Thanks for your reply! I don’t have access to the feature map before I enter the autograd.record() scope because it is the output of a HybridSequential() containing my feature extractor. I tried calling x.attach_grad() from within the autograd.record() scope and it does appear to yield a gradient, however it also seems to destroy the graph up to that point. I call output.backward(retain_graph=True) to retrieve this gradient (where output is the ground truth labels), but do not update any parameters as a result of it because this gradient is factored into the training process. I later call total_loss.backward(), where total loss is the loss of original classification + attention mining loss as described in the GAIN paper, but I then get the error:

Gradient of Parameter conv0_weight on context gpu(0) has not been updated by backward since last step. This could mean a bug in your model that made it only use a subset of the Parameters (Blocks) for this iteration. If you are intentionally only using a subset, call step with ignore_stale_grad=True to suppress this warning and skip updating of Parameters with stale gradient

EDIT: I reread my explanation above and realized it was super abstract and confusing, so I pushed my source to github.
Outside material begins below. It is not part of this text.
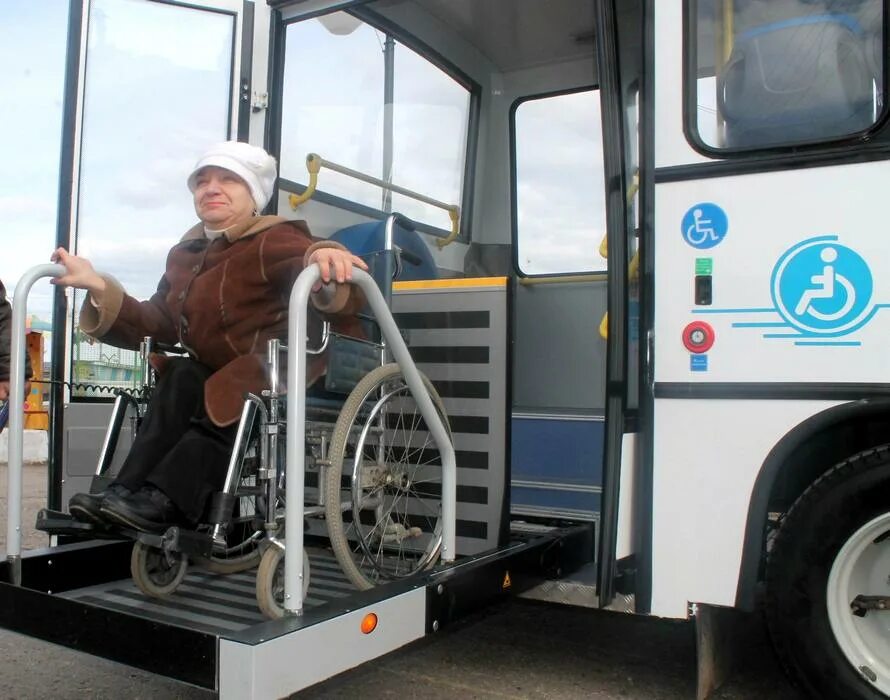 Доступность транспортных услуг для инвалидов. Автобус для инвалидов. Автобус с подъемником для инвалидов. Транспорт для маломобильных групп населения. Подъёмник для инвалидов-колясочников для автобуса.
Lines of interest and


I attempted to leave the mx.autograd.record() block, call attach_grad() on the feature map, and reenter mx.autograd.record(). This doesn’t raise an error, but the gradient always returns 0. @thomelane do you have any further suggestions?


Check if this helps:
That PR implements Grad-CAM using Gluon.


That helps me understand exactly what I’ll need to do to get this implemented. Thanks for your help @indu and @thomelane!